La decisione della famiglia -
Il legale della famiglia Attanasio nell’apertura dell’udienza preliminare ha dichiarato che l'incasso ottenuto dall'accordo sarà interamente devoluto alle tre figlie del diplomatico assassinato. Ma nessuna marcia indietro: "Non ci accontenteremo di alcuna somma o verità di comodo. Pretendiamo che il processo faccia emergere tutte le responsabilità che sono dietro all’uccisione di mio figlio", ha dichiarato Salvatore Attanasio.

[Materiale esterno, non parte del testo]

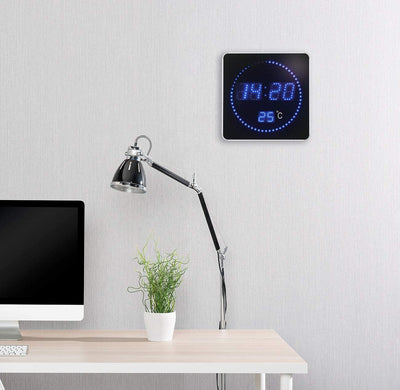 Lunartec Tischuhren: Flache LED-Funk-Tisch- & Wanduhr, Temperatur-Anzeige, Blaue LEDs (Funkuhr LED,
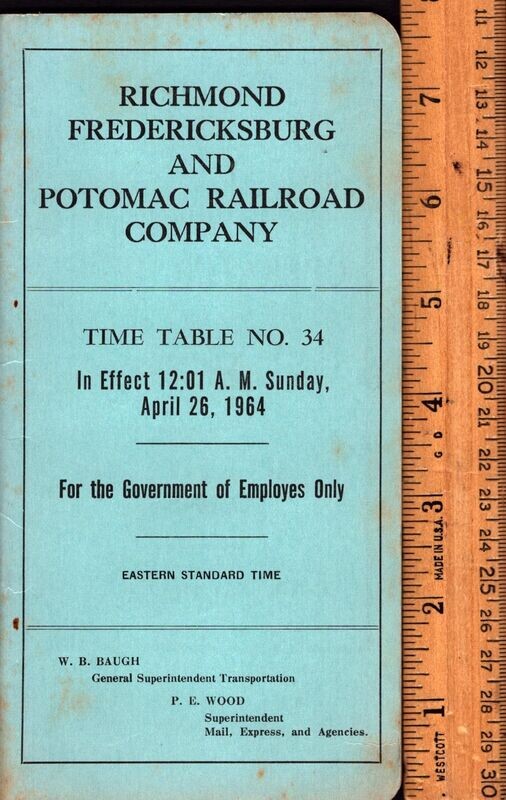 Richmond, Fredericksburg and Potomac Railroad 1964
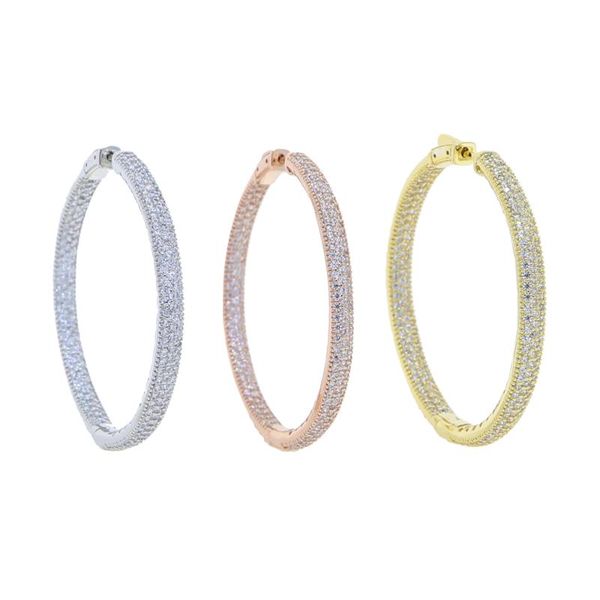 

Big Iced Out Women Hoop Earring Micro Pave 5A Cubic Zirconia CZ Band Full 50MM Huggie Hoops &, Golden;silver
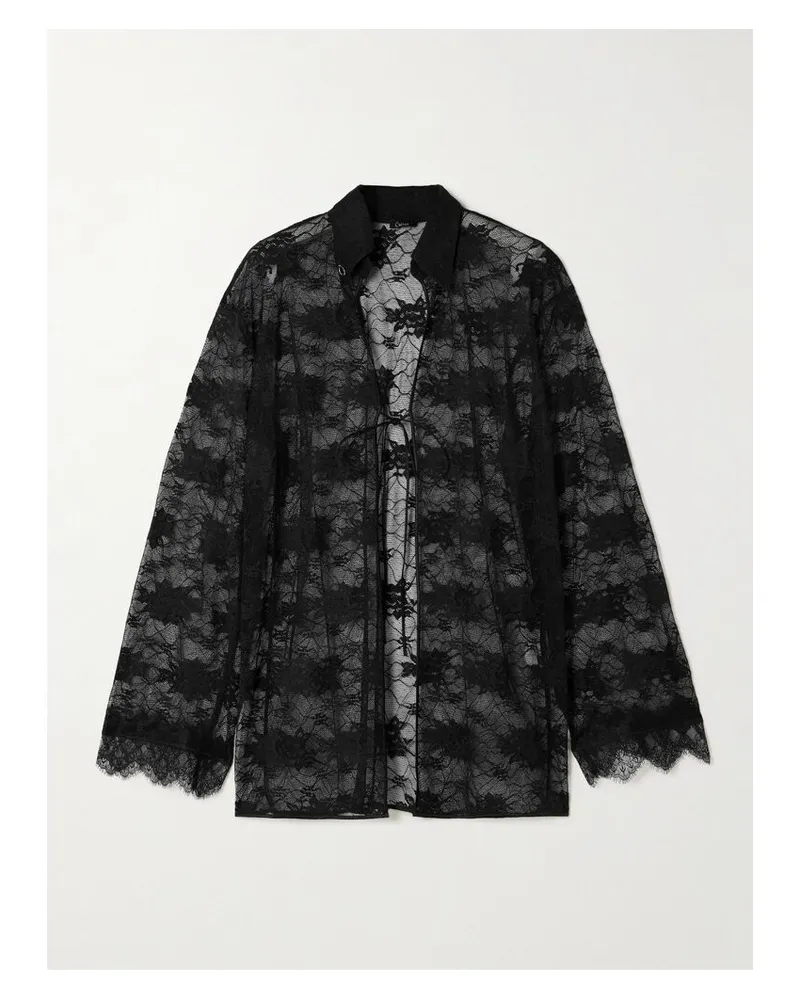 Oséree Hemd Aus Stretch-spitze Mit Satinbesäten Und Wellenkanten - Schwarz Schwarz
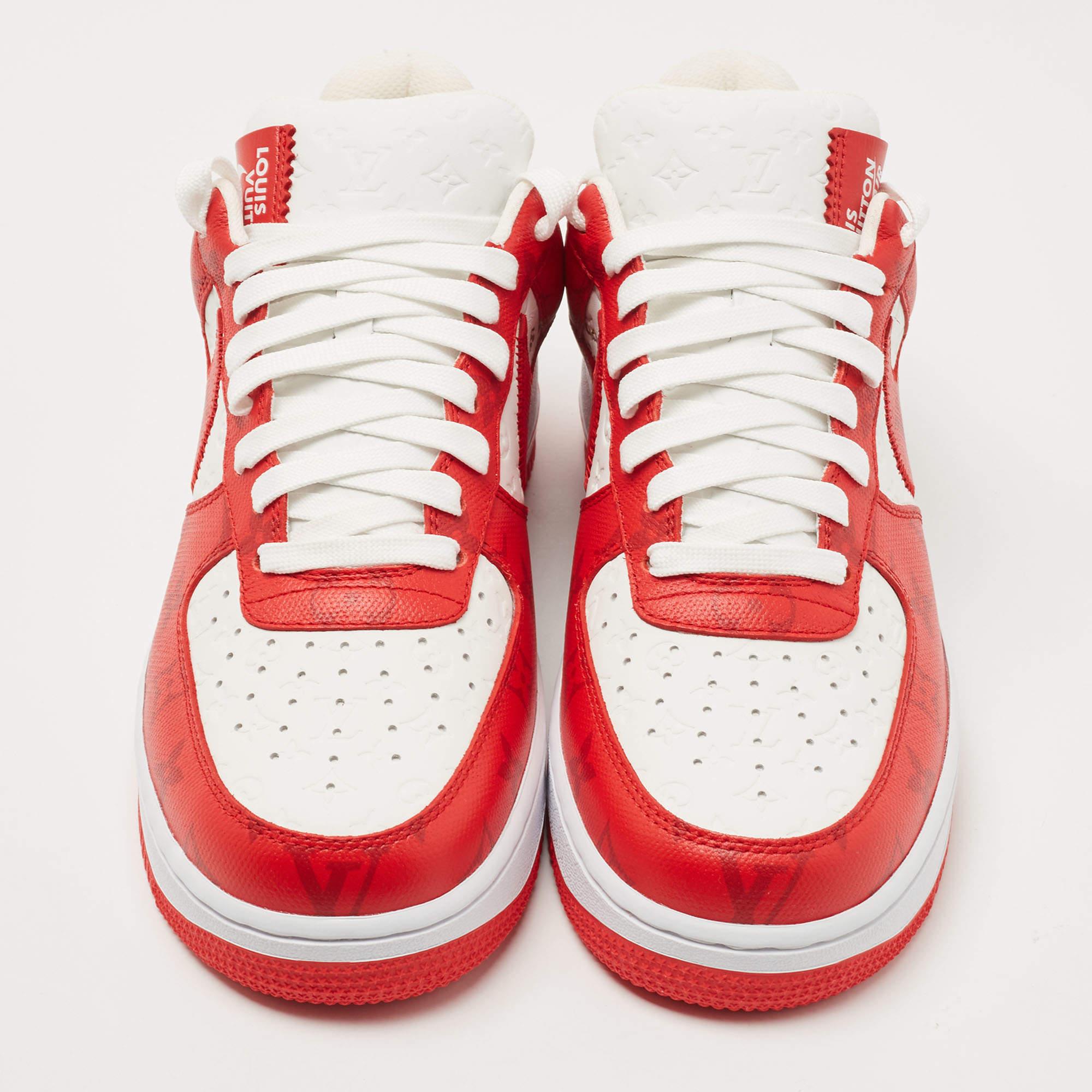These Nike Air Force 1 sneaker by Louis Vuitton X Nike By Virgil Abloh are super sturdy, stunning, and stylish. They are crafted from red-white Monogram leather into a low-top silhouette. They showcase lace-up fastenings and brand details on the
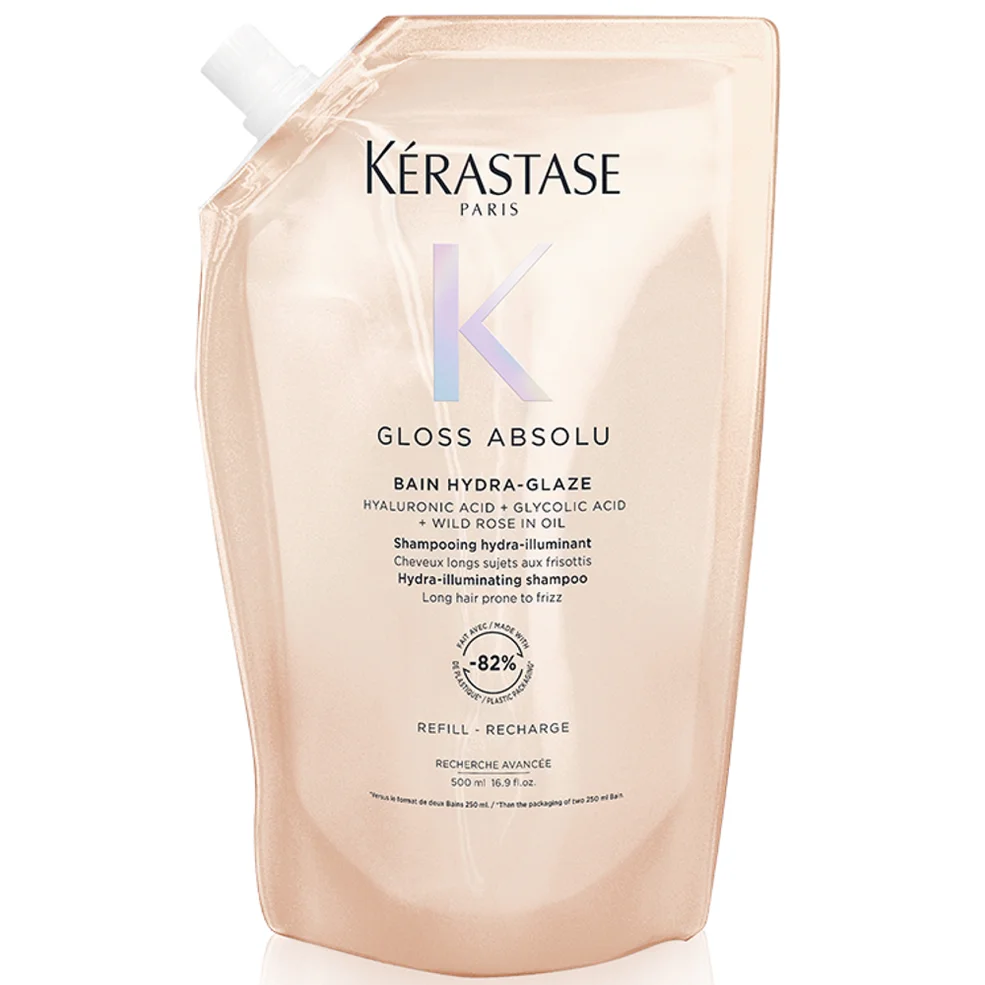 Kérastase Gloss Absolu Refill Pouch Shampoo with Glycolic Acid, Hyaluronic Acid and Wild Rose in Oil 500ml Image 1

La famiglia del carabiniere Vittorio Iacovacci ha invece rifiutato il risarcimento e continuerà a essere parte civile in tribunale. "Noi restiamo come parte civile nel processo perché vogliamo la verità su quanto accaduto", ha motivato Dario Iacovacci, fratello del militare dell'Arma. Tra le parti civili nel procedimento figura anche il Comune di Limbiate, dove era nato e cresciuto Attanasio.
Sit-in a Roma -
Durante l'udienza del gup, Silvia Stilli, presidente di Aoi e Ivana Barsotto, presidente di Focsiv, hanno organizzato un sit-in in piazzale Clodio. "Non capire com’è garantita la sicurezza a chi fa la diplomazia per mestiere e a chi la fa per scelta, da volontario, per noi rappresenta una preoccupazione, anche se sappiamo perfettamente che in questa vicenda c’è un'agenzia delle Nazioni Unite che è in qualche modo sotto accusa rispetto al tema della sicurezza - dichiarano le due organizzatrici - Noi siamo a testimoniare la piena solidarietà alle famiglie qualunque sia la decisione in udienza".
La vicenda -
L'ambasciatore italiano Luca Attanasio era stato vittima del triplice omicidio avvenuto il 22 febbraio 2021 in Congo, in cui avevano perso la vita anche il carabiniere Vittorio Iacovacci e l’autista Mustapha Milambo. Sei congolesi erano stati processati per omicidio, associazione a delinquere e detenzione illegale di armi e munizioni da guerra. Durante le udienze, i criminali erano stati descritti dall’accusa come componenti di una "banda criminale" dedita ai saccheggi di strada, che inizialmente voleva rapire l’ambasciatore a scopo di riscatto ma poi l’aveva ucciso assieme ai due suoi collaboratori.